- _Exercise aim_: Would you print the lines below exactly, beginning at the line that has "Un pupazzetto di neve (&copy; Pixabay)." and stopping after the line that has "Pug yavrusu 3"? Only those lines, and no pictures.

################

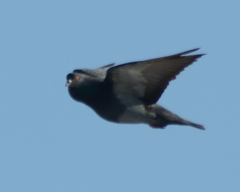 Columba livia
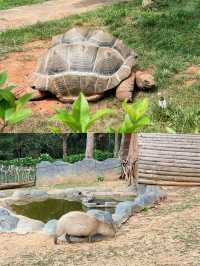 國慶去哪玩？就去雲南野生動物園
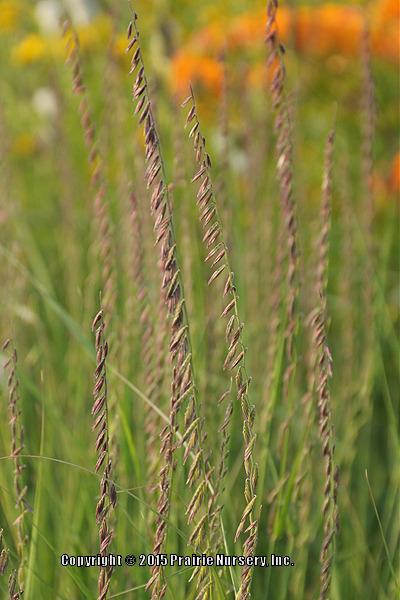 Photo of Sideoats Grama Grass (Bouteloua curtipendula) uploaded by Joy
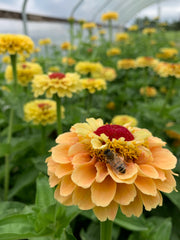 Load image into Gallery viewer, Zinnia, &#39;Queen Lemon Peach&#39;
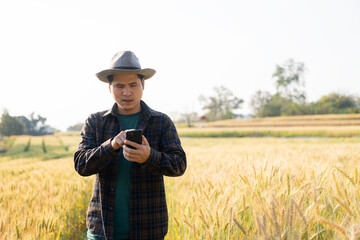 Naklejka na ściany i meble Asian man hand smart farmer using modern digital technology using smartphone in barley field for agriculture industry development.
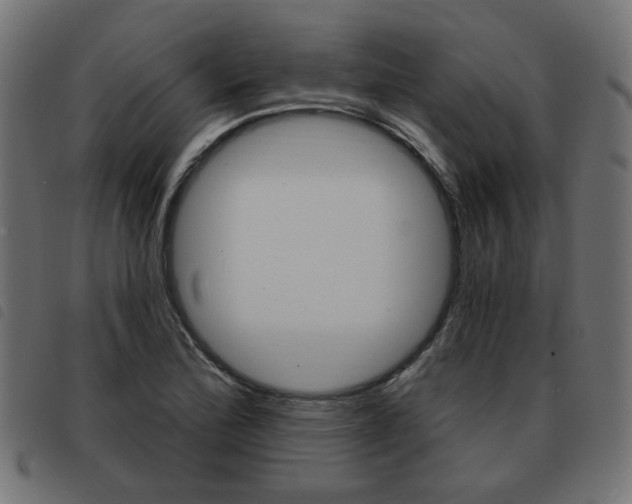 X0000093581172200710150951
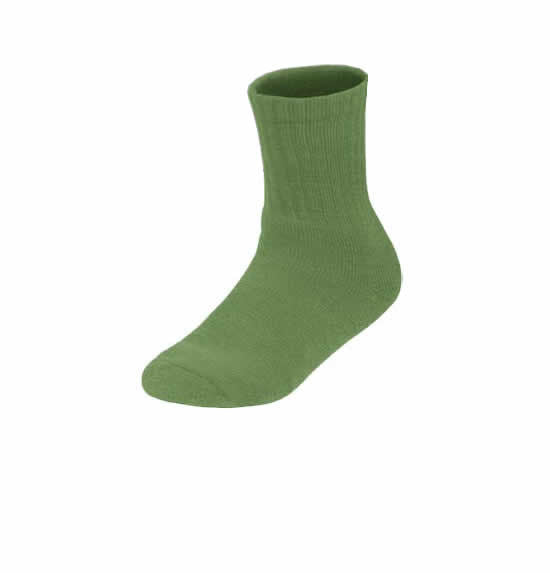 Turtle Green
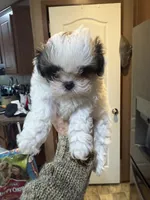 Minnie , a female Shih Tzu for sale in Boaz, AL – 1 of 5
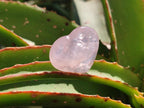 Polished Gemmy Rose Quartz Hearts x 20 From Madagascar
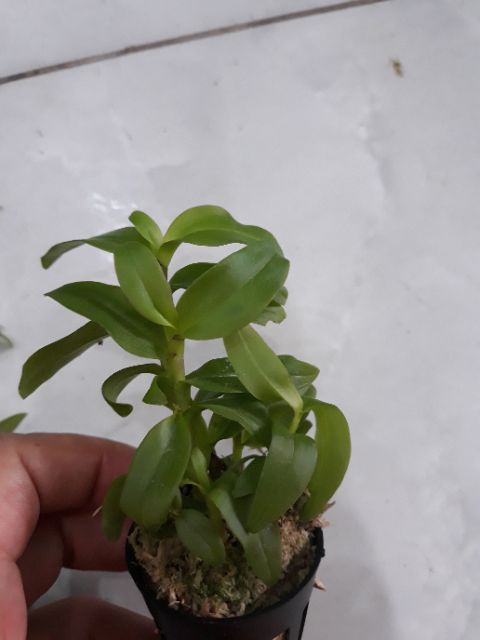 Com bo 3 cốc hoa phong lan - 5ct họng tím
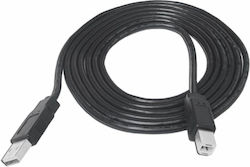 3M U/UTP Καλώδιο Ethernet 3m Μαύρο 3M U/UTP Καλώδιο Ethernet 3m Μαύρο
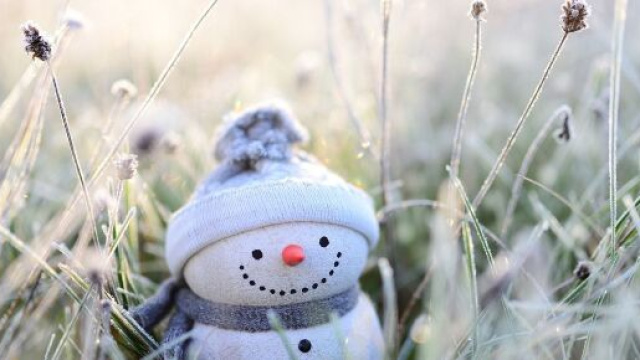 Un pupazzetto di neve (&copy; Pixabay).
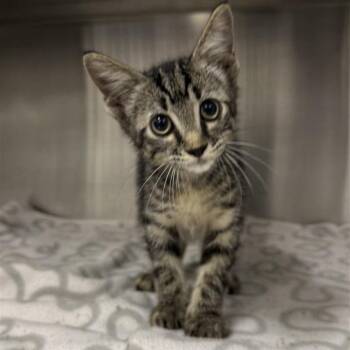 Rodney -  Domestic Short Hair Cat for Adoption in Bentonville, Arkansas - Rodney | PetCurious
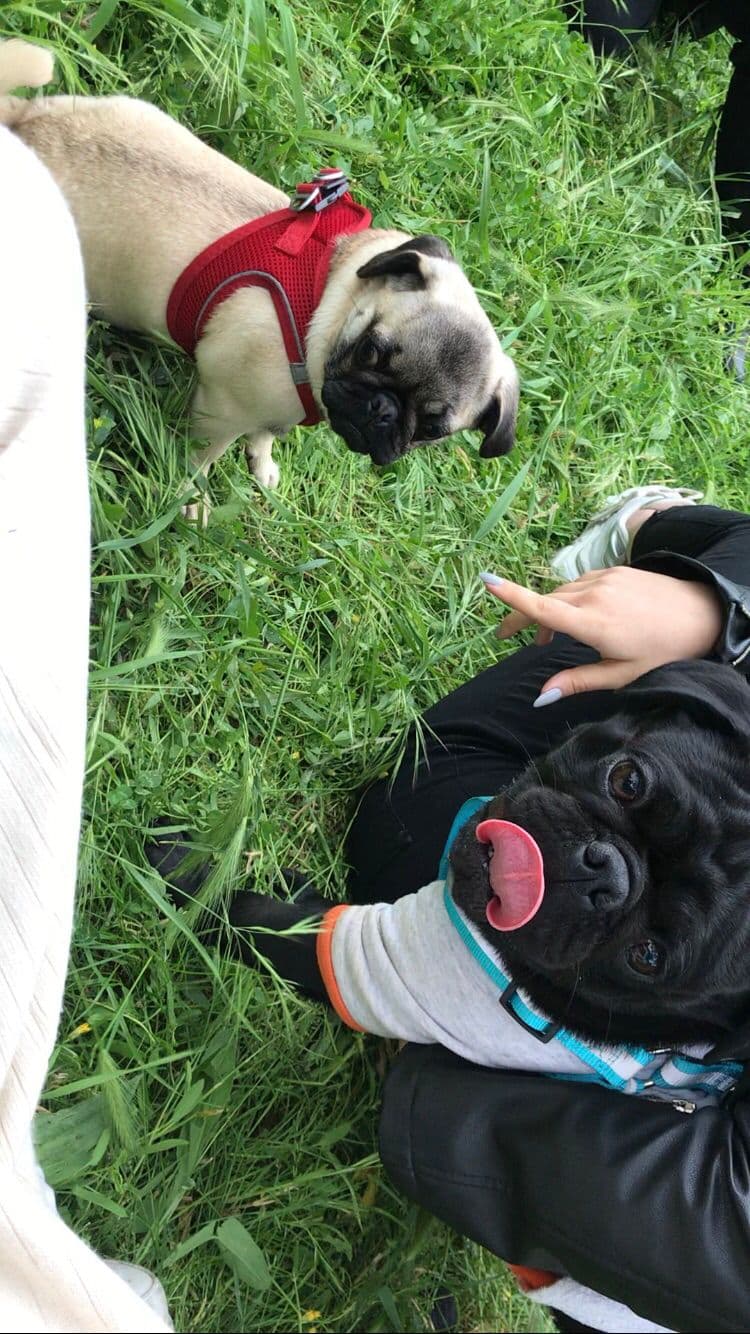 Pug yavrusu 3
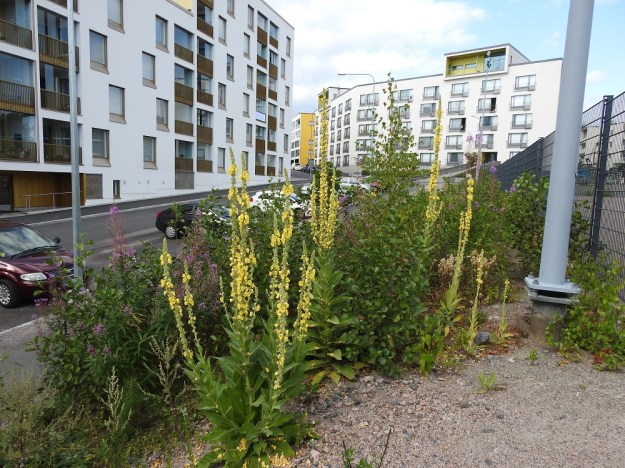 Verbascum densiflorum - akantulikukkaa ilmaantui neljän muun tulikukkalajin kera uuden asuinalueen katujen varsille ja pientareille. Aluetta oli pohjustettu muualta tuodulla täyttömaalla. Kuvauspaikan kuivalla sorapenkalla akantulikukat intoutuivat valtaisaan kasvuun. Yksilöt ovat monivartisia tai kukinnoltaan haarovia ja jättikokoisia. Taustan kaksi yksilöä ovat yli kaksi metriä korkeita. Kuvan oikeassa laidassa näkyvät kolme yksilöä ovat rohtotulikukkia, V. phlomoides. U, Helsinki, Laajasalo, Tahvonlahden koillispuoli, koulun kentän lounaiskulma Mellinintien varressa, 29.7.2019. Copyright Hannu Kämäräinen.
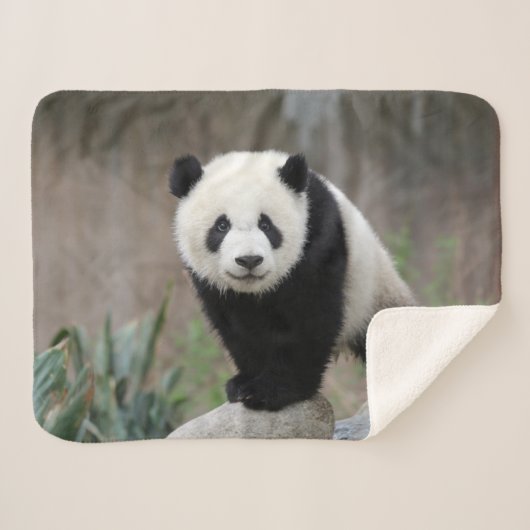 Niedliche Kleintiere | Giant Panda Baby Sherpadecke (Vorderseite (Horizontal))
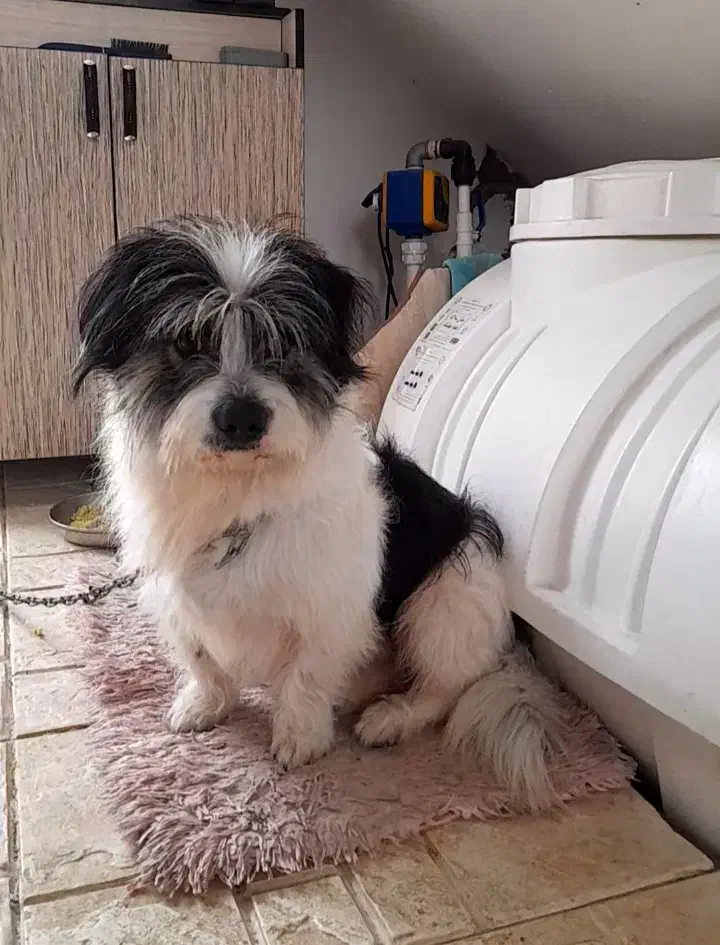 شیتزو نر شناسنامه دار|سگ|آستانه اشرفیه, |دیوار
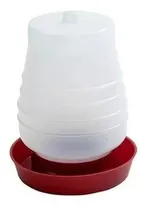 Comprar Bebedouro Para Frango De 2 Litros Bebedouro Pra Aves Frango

################

- _Result of the task_:
 Un pupazzetto di neve (&copy; Pixabay).
 Rodney -  Domestic Short Hair Cat for Adoption in Bentonville, Arkansas - Rodney | PetCurious
 Pug yavrusu 3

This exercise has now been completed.